Настроение было ужасным. Я прав абсолютно, но вдруг генерал не понял меня, а мне и вправду придется служить под его началом. Как сложатся наши отношения после того, что случилось. Отношения с генералом Рязановым были очень хорошими. Мы редко встречались, но я постоянно видел его заботу о летчиках, его добрые чувства ко мне, командиру полка, его уважение.

Я так расстроился, что даже забыл осмотреть самолет перед взлетом, изменил обычной своей привычке. Мы развернули По-2 против ветра, запустили мотор, и Боровой повел машину на взлет. Маршрут наш был ровным, прямым. Взлетев, мы шли, не меняя курса. Мысли, одна тяжелее другой, бродили в моей голове. Случайно я глянул вправо на плоскость. Глянул, и меня бросило в жар: элероны — рули, расположенные на крыльях машины, — оказались зажатыми струбцинами.

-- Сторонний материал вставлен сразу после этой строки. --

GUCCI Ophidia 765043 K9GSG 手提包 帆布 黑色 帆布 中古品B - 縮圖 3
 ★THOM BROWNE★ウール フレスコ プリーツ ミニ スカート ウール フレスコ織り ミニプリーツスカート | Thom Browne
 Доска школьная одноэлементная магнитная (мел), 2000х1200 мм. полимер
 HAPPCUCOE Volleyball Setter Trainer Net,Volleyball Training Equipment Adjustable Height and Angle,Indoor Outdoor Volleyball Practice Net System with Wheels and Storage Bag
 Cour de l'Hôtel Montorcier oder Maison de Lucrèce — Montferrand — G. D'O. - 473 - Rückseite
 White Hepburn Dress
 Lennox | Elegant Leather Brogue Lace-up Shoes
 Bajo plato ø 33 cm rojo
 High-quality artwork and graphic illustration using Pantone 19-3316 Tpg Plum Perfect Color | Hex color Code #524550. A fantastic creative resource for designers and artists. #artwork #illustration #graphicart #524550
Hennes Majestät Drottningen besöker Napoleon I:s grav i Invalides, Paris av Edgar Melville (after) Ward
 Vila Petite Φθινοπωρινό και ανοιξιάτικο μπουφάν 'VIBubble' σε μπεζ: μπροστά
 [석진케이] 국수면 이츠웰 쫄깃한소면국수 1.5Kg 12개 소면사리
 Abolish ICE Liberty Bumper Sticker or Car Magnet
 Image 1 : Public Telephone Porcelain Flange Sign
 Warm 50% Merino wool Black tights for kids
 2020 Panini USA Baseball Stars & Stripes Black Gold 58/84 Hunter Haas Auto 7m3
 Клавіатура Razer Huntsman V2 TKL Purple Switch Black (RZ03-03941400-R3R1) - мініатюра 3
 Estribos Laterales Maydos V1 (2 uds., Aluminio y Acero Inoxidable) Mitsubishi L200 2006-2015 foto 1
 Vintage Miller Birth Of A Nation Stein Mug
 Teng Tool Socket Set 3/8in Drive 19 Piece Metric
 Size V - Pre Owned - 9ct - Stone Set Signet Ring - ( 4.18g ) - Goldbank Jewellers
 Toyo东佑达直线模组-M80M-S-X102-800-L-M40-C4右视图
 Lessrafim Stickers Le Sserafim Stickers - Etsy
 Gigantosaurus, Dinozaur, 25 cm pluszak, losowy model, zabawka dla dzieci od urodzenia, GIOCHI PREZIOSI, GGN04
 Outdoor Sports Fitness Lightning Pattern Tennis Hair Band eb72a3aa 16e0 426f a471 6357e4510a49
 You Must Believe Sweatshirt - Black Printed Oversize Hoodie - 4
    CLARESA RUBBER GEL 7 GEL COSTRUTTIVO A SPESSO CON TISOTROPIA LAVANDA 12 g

Когда самолет стоит на земле, элероны зажимают струбцинами — простейшим приспособлением, состоящим из пары дощечек, — иначе ветер будет качать рули, портить троса и шарниры. Перед взлетом струбцины снимают. А мы забыли. Как поведет себя летчик, когда обнаружит это? Вдруг растеряется? По-2 машина простая, но и сломать ее (а вместе с нею и голову) тоже не сложно.